Als die Glieder des Versammlungskomitees und andere befähigte Brüder zusammenkamen, sprachen sie ein Gebet. Unter anderem lasen und besprachen sie dann die Erfordernisse für Älteste und Dienstamtgehilfen, wie sie in Gottes Wort in 1. Timotheus 3:1-10, 12, 13, Titus 1:5-9 und 1. Petrus 5:1-5 dargelegt werden. „Viele sahen sich zum erstenmal richtig“, bemerkt R. D. Cantwell, „und alle spürten deutlich die Verpflichtung vor Jehova, ehrlich mit sich selbst und anderen zu sein. Einige mußten zugeben, daß sie nicht geeignet waren. Durch diese Vorkehrung kam eine solche Ehrlichkeit und Demut ans Licht, wie es nie möglich gewesen wäre, hätte es nicht diesen Fortschritt im Verständnis der biblischen Grundsätze hinsichtlich der Organisation gegeben.“ (Auch schon in früheren Jahren waren die in der Bibel dargelegten Erfordernisse die Grundlage für die Entscheidung, wer mit Verantwortung in der Versammlung betraut werden sollte. Siehe Rat über Theokratische Organisation für Jehovas Zeugen, S. 19; In Einheit miteinander predigen, S. 26, 27.)
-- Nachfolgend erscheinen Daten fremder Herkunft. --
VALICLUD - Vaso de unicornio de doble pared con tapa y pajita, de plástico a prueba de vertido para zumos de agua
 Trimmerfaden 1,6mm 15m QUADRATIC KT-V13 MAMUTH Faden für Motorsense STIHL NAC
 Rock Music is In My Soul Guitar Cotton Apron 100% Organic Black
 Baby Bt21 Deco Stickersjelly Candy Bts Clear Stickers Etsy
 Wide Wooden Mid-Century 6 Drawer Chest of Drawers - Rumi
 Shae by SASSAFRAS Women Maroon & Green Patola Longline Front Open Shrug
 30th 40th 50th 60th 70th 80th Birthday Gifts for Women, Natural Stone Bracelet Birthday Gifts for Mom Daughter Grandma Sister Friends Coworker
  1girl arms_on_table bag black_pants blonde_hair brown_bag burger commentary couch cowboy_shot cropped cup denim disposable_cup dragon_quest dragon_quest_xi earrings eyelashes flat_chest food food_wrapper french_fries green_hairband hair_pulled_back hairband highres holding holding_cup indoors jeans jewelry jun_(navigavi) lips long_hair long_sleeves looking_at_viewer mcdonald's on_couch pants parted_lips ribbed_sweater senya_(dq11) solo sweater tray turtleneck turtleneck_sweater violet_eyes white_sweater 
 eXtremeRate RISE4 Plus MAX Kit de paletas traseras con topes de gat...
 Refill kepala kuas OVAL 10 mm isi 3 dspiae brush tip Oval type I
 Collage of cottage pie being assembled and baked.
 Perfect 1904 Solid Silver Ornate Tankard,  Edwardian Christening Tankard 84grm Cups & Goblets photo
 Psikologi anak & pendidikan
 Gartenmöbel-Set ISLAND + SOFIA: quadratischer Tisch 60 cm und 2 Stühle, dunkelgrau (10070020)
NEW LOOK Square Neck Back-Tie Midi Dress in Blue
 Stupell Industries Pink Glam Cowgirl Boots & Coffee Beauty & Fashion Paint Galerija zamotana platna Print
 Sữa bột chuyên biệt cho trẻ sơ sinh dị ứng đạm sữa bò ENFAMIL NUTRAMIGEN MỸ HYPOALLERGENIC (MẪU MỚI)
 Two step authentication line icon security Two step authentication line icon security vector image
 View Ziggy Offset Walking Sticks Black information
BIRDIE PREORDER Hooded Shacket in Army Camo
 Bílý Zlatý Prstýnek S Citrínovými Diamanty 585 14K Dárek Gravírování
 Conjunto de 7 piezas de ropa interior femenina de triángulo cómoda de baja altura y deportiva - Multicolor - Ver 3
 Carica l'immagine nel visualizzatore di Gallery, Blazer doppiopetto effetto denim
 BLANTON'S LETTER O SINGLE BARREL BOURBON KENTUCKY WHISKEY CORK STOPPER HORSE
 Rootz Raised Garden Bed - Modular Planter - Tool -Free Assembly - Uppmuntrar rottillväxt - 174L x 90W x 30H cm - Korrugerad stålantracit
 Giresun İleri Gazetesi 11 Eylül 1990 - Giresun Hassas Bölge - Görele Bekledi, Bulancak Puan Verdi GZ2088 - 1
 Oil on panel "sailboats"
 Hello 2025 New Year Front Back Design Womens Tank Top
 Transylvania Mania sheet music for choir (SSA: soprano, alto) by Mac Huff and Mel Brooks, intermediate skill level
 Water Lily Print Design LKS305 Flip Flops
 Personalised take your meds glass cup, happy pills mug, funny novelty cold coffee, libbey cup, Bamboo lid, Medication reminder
Nachdem dann schließlich die Qualifikationen der Brüder analysiert worden waren, wurden der leitenden Körperschaft Empfehlungen unterbreitet. Nach dem 1. August 1972 erhielten dann die Versammlungen Briefe mit den Ernennungen der Aufseher und Dienstamtgehilfen.

ANERKENNUNG DER GÖTTLICHEN HERRSCHAFT

Während Jehovas Volk gespannt auf die völlige Durchführung dieser Vorkehrung wartete, versammelten sich Jehovas Zeugen in den Vereinigten Staaten, in Kanada und auf den Britischen Inseln von Ende Juni bis Ende August 1972 zu den Bezirkskongressen „Göttliche Herrschaft“. Auf diesen Veranstaltungen wurde der göttlichen Herrschaft die Hauptaufmerksamkeit geschenkt.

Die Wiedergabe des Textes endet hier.